Stress in the workplace increases healthcare cost by two in any organization. In the given scenarios, managers suffer from lack of best alternative to handle their stress, which they are likely to pass to their employees. The employees are likely to suffer stress that affects their relationship with one another or with the managerial team, and of which in some cases the causal factors of stress may remain unaddressed or hard to speak about. To supporting the managers this collection advocates that managers adapt a mindfulness training and emotional labor models.
According to Health Advocate, Inc, (2009, p11) mindfulness training, is a stress free oriented approach that involves directing the mind or training the mind to have its attention directed on the moment. The main objective of the technique is to ensure that awareness is enhanced through cognitive behavioral approaches, physical exercises and relaxation techniques, productivity is increased, and stress is reduced. The approaches are made to train people to be able to trace qualities of relaxation and peace, silence, stillness and rest in whatever they do every day, regardless of their situation. Mindfulness technique will help managers to manage their personal reactivity and impulses, meet their goals and grow less critical. As thus, they will less diffuse their emotions to their employees despite their daily challenges.

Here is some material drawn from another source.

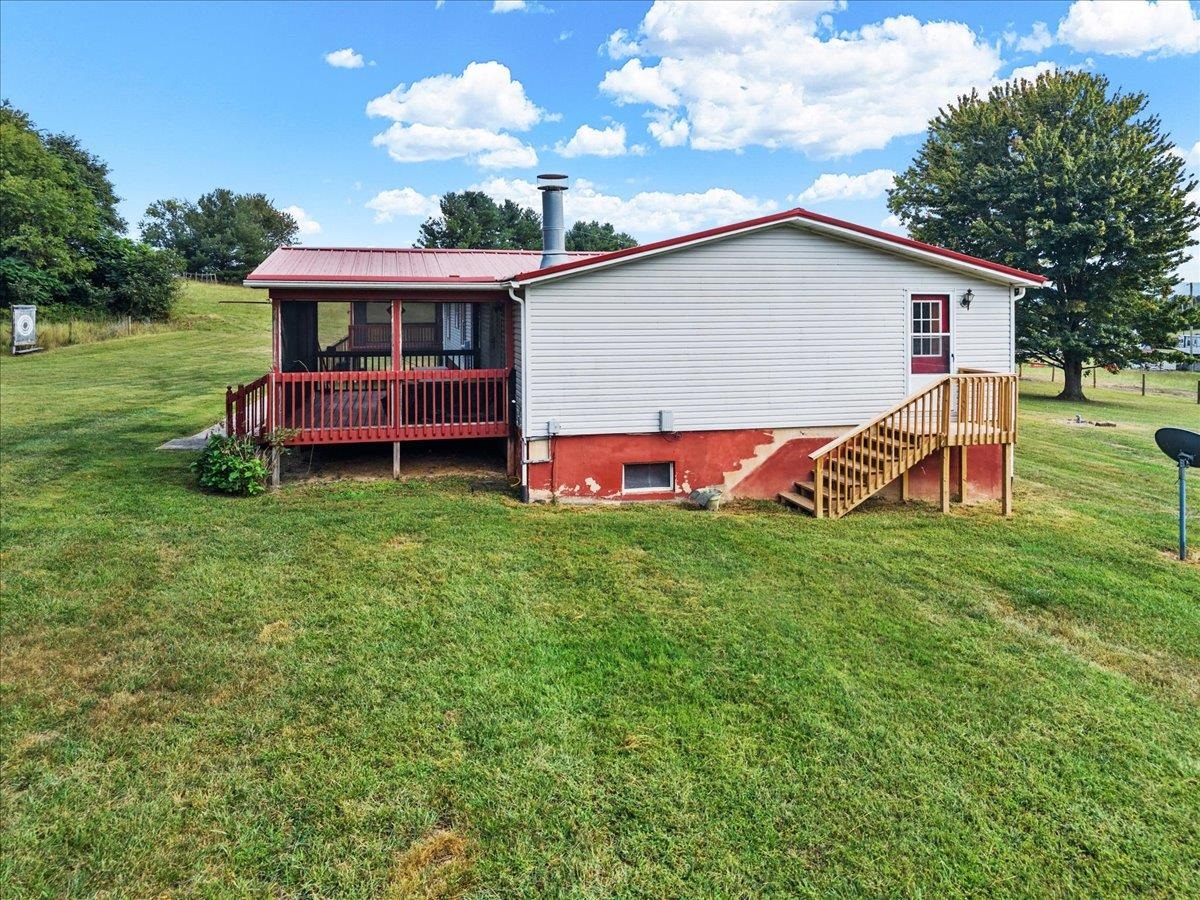5308 Thornspring Road Pulaski VA 24301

The second recommendation is the application of emotional labor concept. According to Chu, (2002, p1) emotional labor theory refers to the ability to manipulate outward behavior or inner feeling of either a manager or an employee to display the expected emotion that remain within the occupational norms or rules. In a 285 survey among hotel employees in employing emotional labor theory, Chu, (2002, p1) the study found that emotive effort (deep acting) and high emotive dissonance (surface acting) were positively linked with job satisfaction and inversely correlated with emotional exhaustion. Low emotive dissonance (genuine acting) was found to positively correlate with emotional exhaustion and inversely correlate with job satisfaction.
Chu, K.H. 2002. The Effects of Emotional Labor on Employee Work Outcomes. Blacksburg, Virginia.